Primeira antologia de micro-ficção portuguesa
Organizadores: Rui Costa e André Sebastião
Prefácio: Henrique M. B. Fialho
Editora: Exodus
N.º de páginas: 144
ISBN: 978-989-8048-75-2
Ano de publicação: 2008
Até há pouco tempo vista como um género marginal, e talvez por isso quase invisível no plano mediático, a micronarrativa está a ganhar cada vez mais espaço e importância no panorama editorial português. Se na Internet já havia um vasto rol de praticantes da ficção muito curta, agrupados em torno de uma excelente revista online (Minguante) ou espalhados por blogues individuais, só em 2008 é que o fenómeno começou a chegar às livrarias. Ao mesmo tempo que era lançada esta Primeira antologia de micro-ficção portuguesa, a editora Angelus Novus criou uma colecção de micronarrativa (inaugurada com livros de Augusto Monterroso e Rui Manuel Amaral). Indicador do interesse crescente pelo género é o facto de neste momento a procura no Google pelo termo “micronarrativa”, em páginas de Portugal, chegar perto das 1600 referências. No seu prefácio à antologia, escrito em finais de Janeiro, Henrique Manuel Bento Fialho queixava-se de ter obtido, para a mesma pesquisa, “pouco mais de 500 resultados”…

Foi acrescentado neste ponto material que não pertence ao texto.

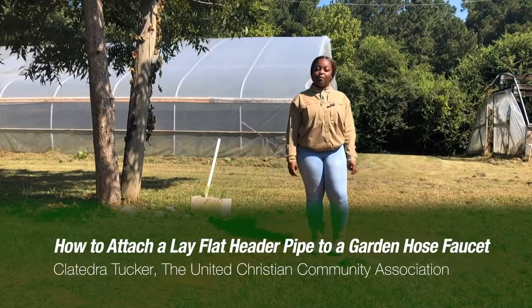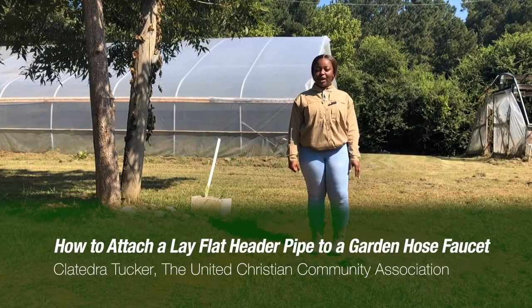Today I am going to demonstrate a simple way to attach a lay flat header pipe to a regular garden hose.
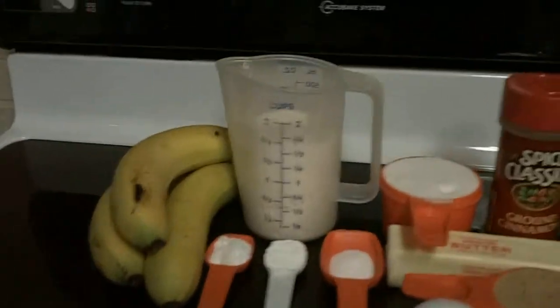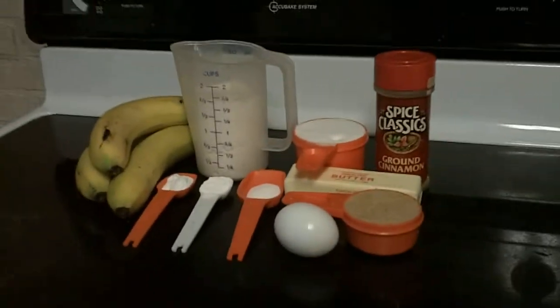Alright, here are our ingredients. Let's begin. I have greased up the muffin pan and we're going to start mixing together our flour, our baking soda, our baking powder, and a little bit of salt. Let's give that some stir action.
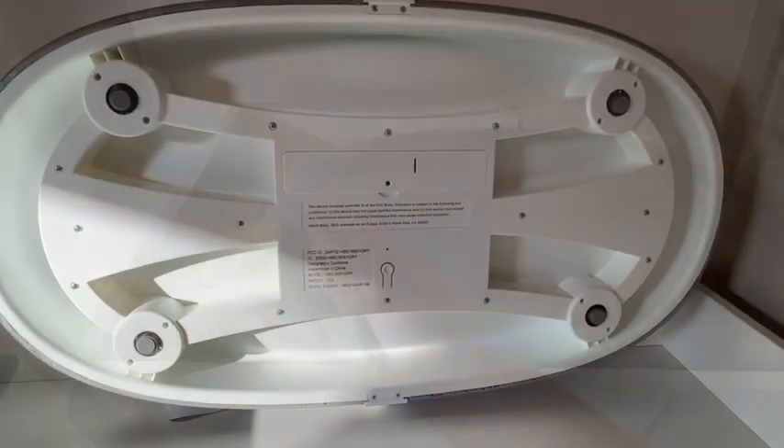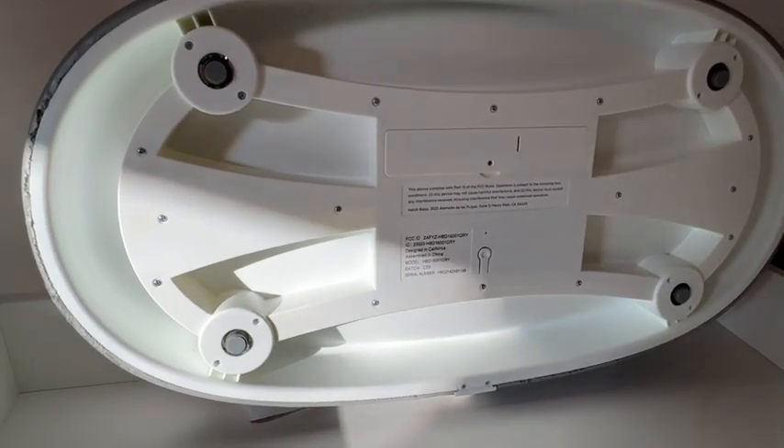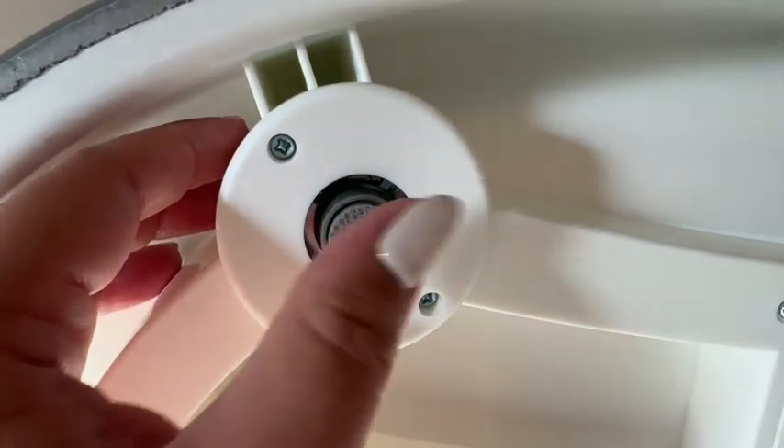Or just to keep up with the weight in between doctor's visits. The material it's made with is really easy to clean as well and nice and comfy. And here's a look at the bottom — I love that it has these little legs so that it can be nice and balanced on a hard surface.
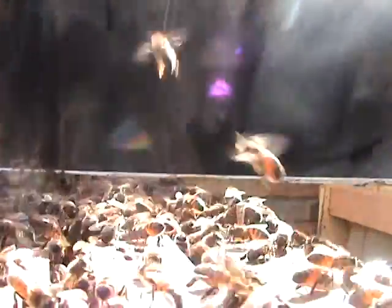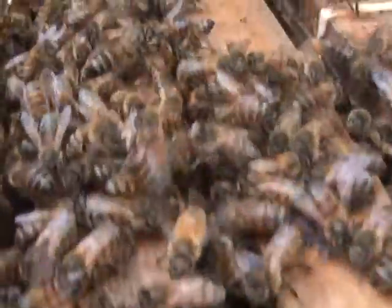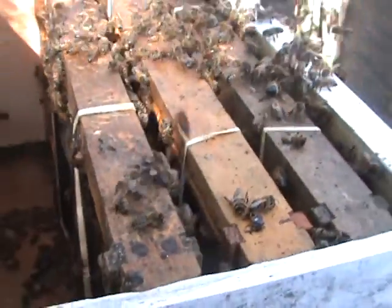No problem. Everybody's happy. She's right straight down. They get some nice frames here, and like I said, I'm going to get them a couple pieces of honey — big ones like I gave their sisters. I'll put them in here, one on this outside edge, and they'll be good to go.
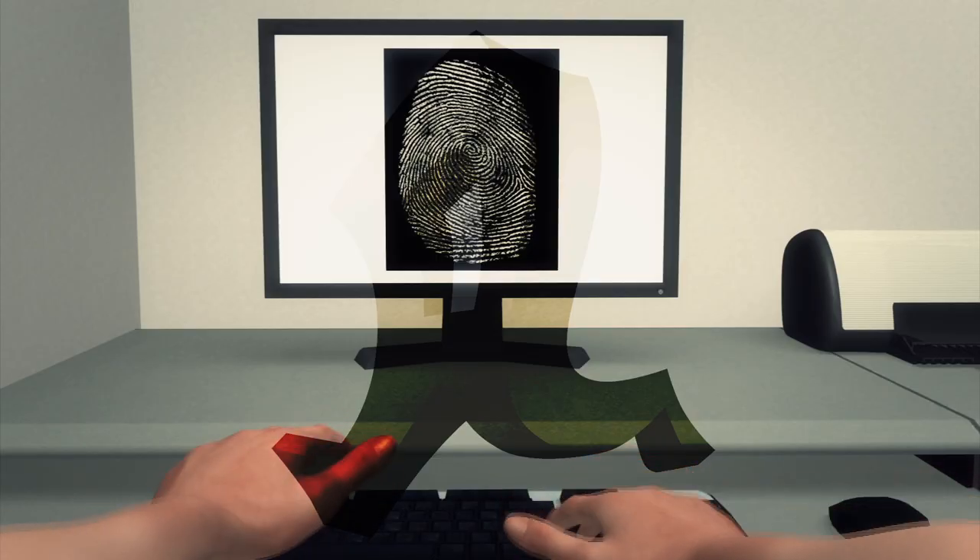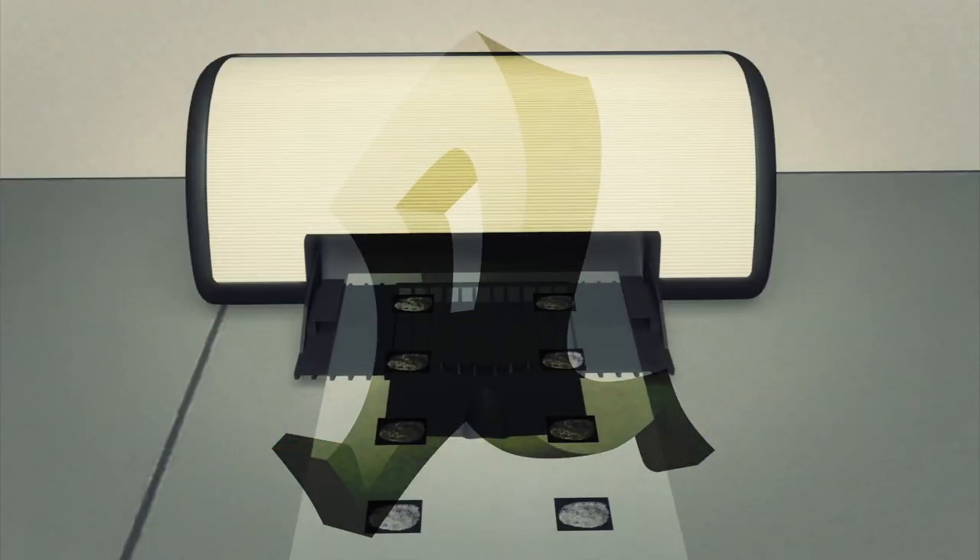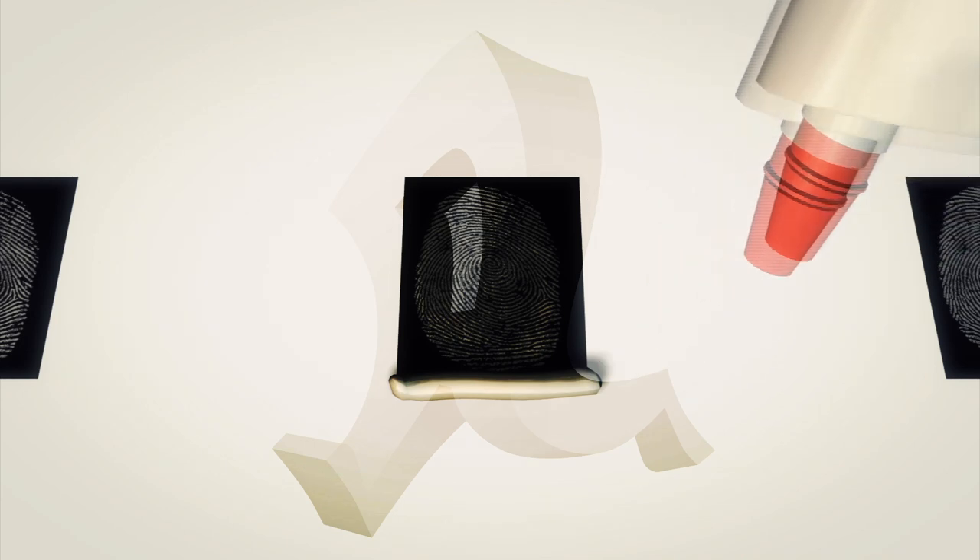After digital editing, the fingerprint is then printed onto transparent paper. The printout is then covered evenly in wood glue.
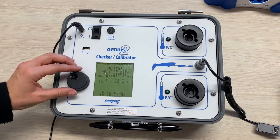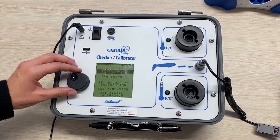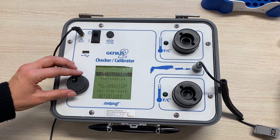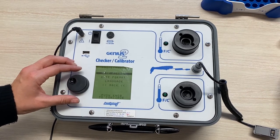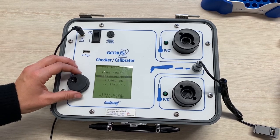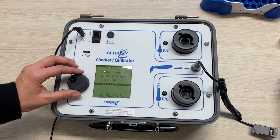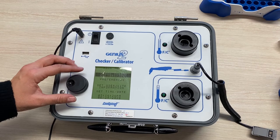Once the 15 minutes is up we can continue by pressing down on the main knob. This is the main menu. You use the main knob to toggle up and down and press down to select. Under preferences there is the option for language selection. You can also select time and date, but most of the time you will just want to calibrate a Genius unit, so you will select the first option.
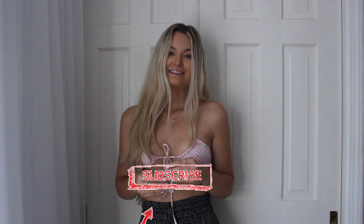I bet there are so many other ways you could tie this triangle bikini, but I think I got a lot of them down. I hope you guys enjoyed this video — if you did, give it a thumbs up and make sure to hit that subscribe button. As always, thank you guys for watching, bye!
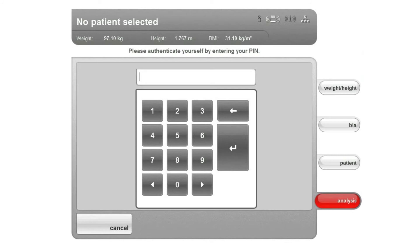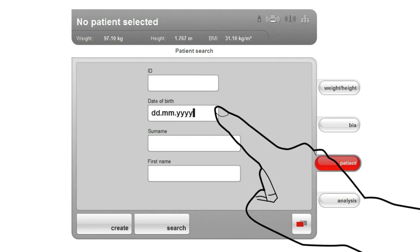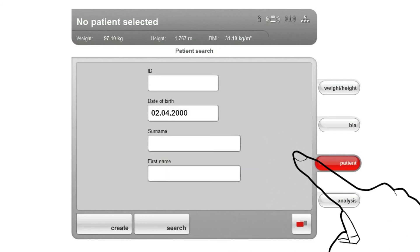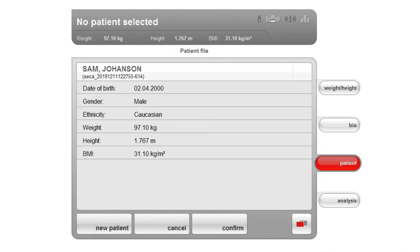A login window appears. The user logs in with his or her user password. If a file for your subject already exists on the MBCA or in the Seka PC software, enter the date of birth. Confirm that you wish to open this file, and then the file opens.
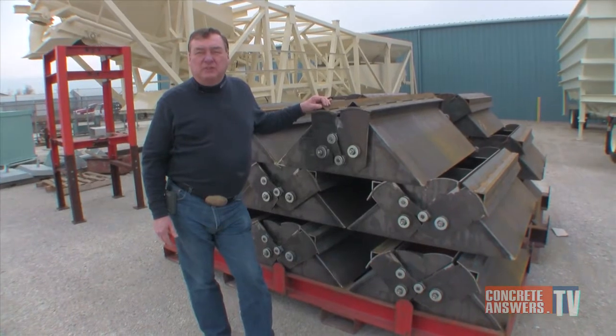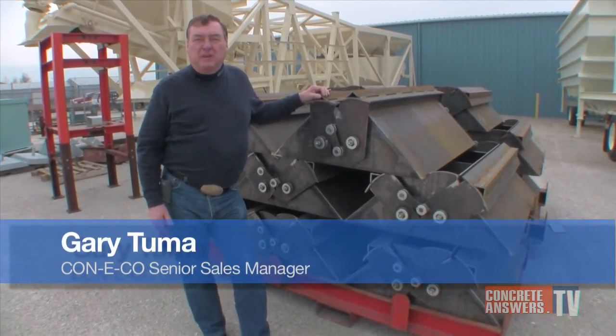Hi, I'm Gary Tuma, Senior Sales Manager for Conoco. We're here today to talk about our aggregate bin gates.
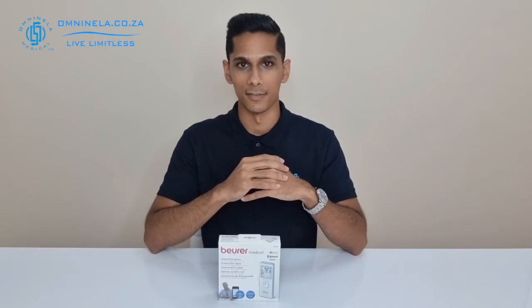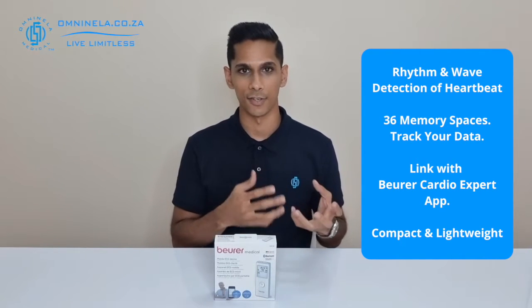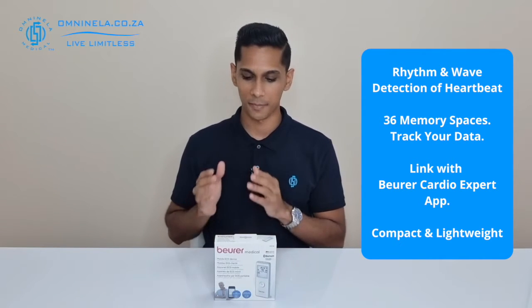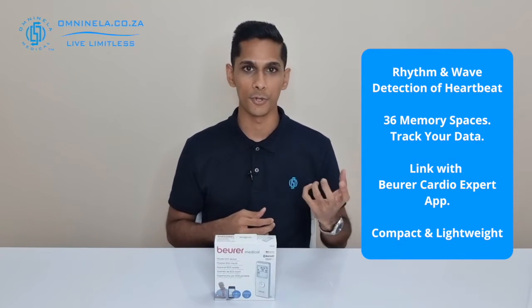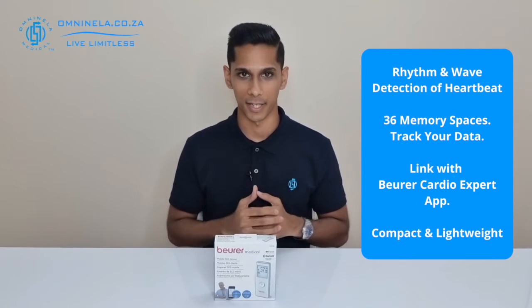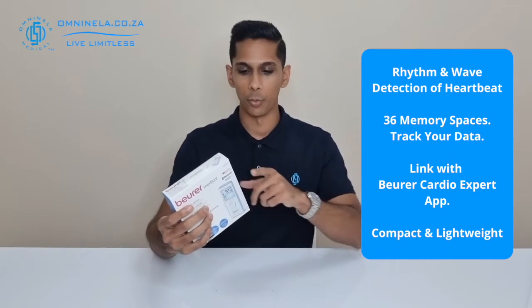So that you can figure out if this will be a suitable device for you. Having a look at some of the features noted on the outside of the box, we can see that the ME90 is primarily for rhythm and wave detection of your heartbeat — so it detects arrhythmias and also any varied waveforms in your heartbeat. The device also comes with 36 memory spaces, and if you need to export these you can do so via Bluetooth to your smartphone or USB cable to your computer, both of which use the Beurer Cardio Expert application.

Embora não se furte às complexas questões classificativas (por exemplo, a fronteira entre «nanoconto» e «miniconto»; ou as várias terminologias em língua inglesa, de flash fiction a short short story), Fialho estabelece no seu “esboço” de ensaio uma genealogia do género, tanto global – dos enigmas maias a Confúcio, Omar Khayyam, Baudelaire, Machado de Assis, Ramón Gómez de la Serna ou Raymond Carver – como especificamente portuguesa (de Mário-Henrique Leiria a Gonçalo M. Tavares, passando por Luís Pignatelli ou Ana Hatherly). Além da “confusão que instala entre poesia e prosa”, destaca-se na escrita sintética a capacidade de “anulação das fronteiras” entre as várias formas de expressão literária.
Entre os 22 autores escolhidos para esta antologia, muitos deles bloggers, há belíssimas descobertas (Pedro Amaral, Rafael Miranda, Rui Almeida, Rute Mota), confirmações (Henrique M. B. Fialho, Luís Ene, Paulo Kellerman, Rui Costa) e duas boas surpresas (o tradutor Filipe Guerra e a poeta Inês Lourenço). As restantes escolhas, sujeitas às flutuações qualitativas da praxe, não comprometem o objectivo principal: dar a conhecer a diversidade temática e estilística que este género em expansão permite.
Avaliação: 6,5/10
[Texto publicado no suplemento Actual do Expresso]
Comentários
3 Responses to “Vislumbres de um género em expansão”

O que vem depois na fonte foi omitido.